Del Potro arrived at the bronze medal match with the same game that brought him so close to beating the number one player two days prior. He hit extremely hard, and incredibly close to the lines. Wise to the ferocity of the del Potro forehand—one might even suspect Novak of having watched one of the 56 games that Juan Martin played against the Swiss—Djokovic found the backhand-wing more often than Federer had. But Juan Martin proved also capable of light-sabering his backhands into various corners of the court, not to mention his serves, and even the occasional volley. For his part, Djokovic found himself more given to errors, average returns, and extended conversations with the fates than we have come to expect (and we have come to expect a lot of discussion with the powers that be). If the first set felt suspenseful, the second felt almost as inevitable as del Potro’s happy tears of victory.

After his match on Court 1, he pronounced himself ‘the most happy of the world,’ which is saying something, considering the man who prevailed on Centre.  

  
The Significance of a Medal.

There is surprisingly little to say about the three straightforward sets that comprised Andy Murray’s coronation as a golden god of British sport. Roger Federer played like a very tired, or a very tentative man, or possibly like both put together and then multiplied by many small-margined forehand errors. Andy Murray played like the opposite of that. He played like a man possessed by the moment and yet in full possession of himself. Murray also employed del Potro’s aggressive postmodern strategy of hitting extremely hard and incredibly close to the lines, surprisingly, and happily, on his forehand as well as his backhand side. I remember one point particularly, when he was somehow jumping backward to retrieve a shot off the baseline, and at the very last moment, while airborne, he managed to hurl his bodyweight forward sending a wild winner back at an opponent who must have felt as startled as I looked.
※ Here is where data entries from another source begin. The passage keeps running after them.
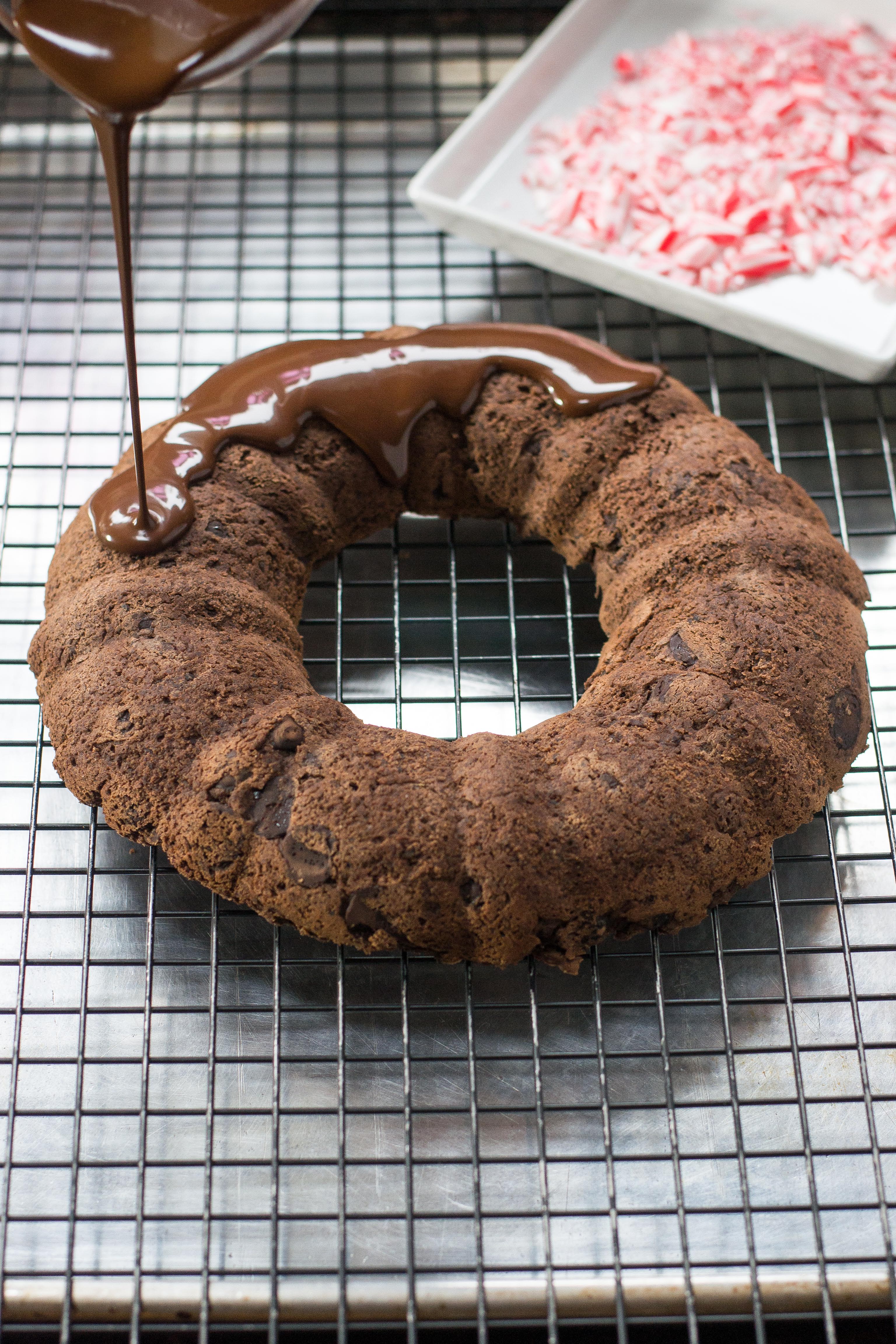 Peppermint Black Bean Brownie Wreath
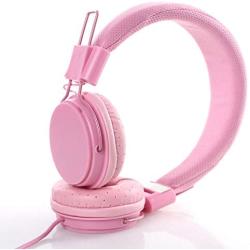 CICIN Wired Stereo Bass Headset Gaming Headphones, Earmuffs Headset Gaming Headset with Mic for Mobile Phones PC,A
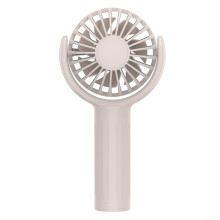 Mini  Fan USB Rechargeable Portable Handheld Electric Fan, 3Speed Settings, Adjustable Wind Angle, Apricot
From del Potro’s revival after a loss that had him in tears until the small hours of the morning, to Serena’s recovery of fine fettle after injury and scandal, to Petrova and Kirilenko’s bronze in doubles after Maria had already lost out on her chance at a singles medal, the weekend had a Chumbawumba feel to it (to use the technical term). They got knocked down, but they got up again, never gonna keep them down. Andy Murray could barely speak through his tears after losing Britain’s first chance at the Wimbledon title since ancient times, and now look at him: He’s golden, and striped, and almost smiling.


It a shame that unless he joins Tommy in Rio, Roger Federer will not get another shot at Olympic singles gold, because the medal feels like it belongs in his goaty dossier, and it would look dapper with his fancy duds. (Not only are the Swiss team jackets elegant in their simplicity, they have good typography, unlike a certain Olympic Games we know.) But sports, as I have already established, are nothing if not fair. Today was Andy’s day, which made it the day of 99% of all the people waving up and down on Centre Court and the Murray ‘modest-but-proud’ Mound.

And now, without further delay, we have arrived at the part of my write-up that harkens back to the famous-person quote at the beginning, so that I can then quote another famous person at the end. Andy Murray is a Scotsman playing for Britain on a tennis court in England, so I figure it is okay to sum up the essence of his gold medal victory by quoting an American who lived across a pond,

‘To affect the quality of the day, that is the highest of arts. Every man is tasked to make his life, even in its details, worthy of the contemplation of his most elevated and critical hour.’ 

This passage from Henry David Thoreau’s Walden can be found in Chapter 2, ‘Where I lived, and What I Lived for.’  I have inserted it for the sole purpose of elevating a tennis match beyond its natural importance, the same way Thoreau made a puddle into a pond, which was subsequently made into a shrine and trampled by tourists. But still, there is truth in the sentiment.

Tennis is a sport that lives in the details, and today, Andy Murray was an artist. He gave the people of Britain a quality day, and that is significant.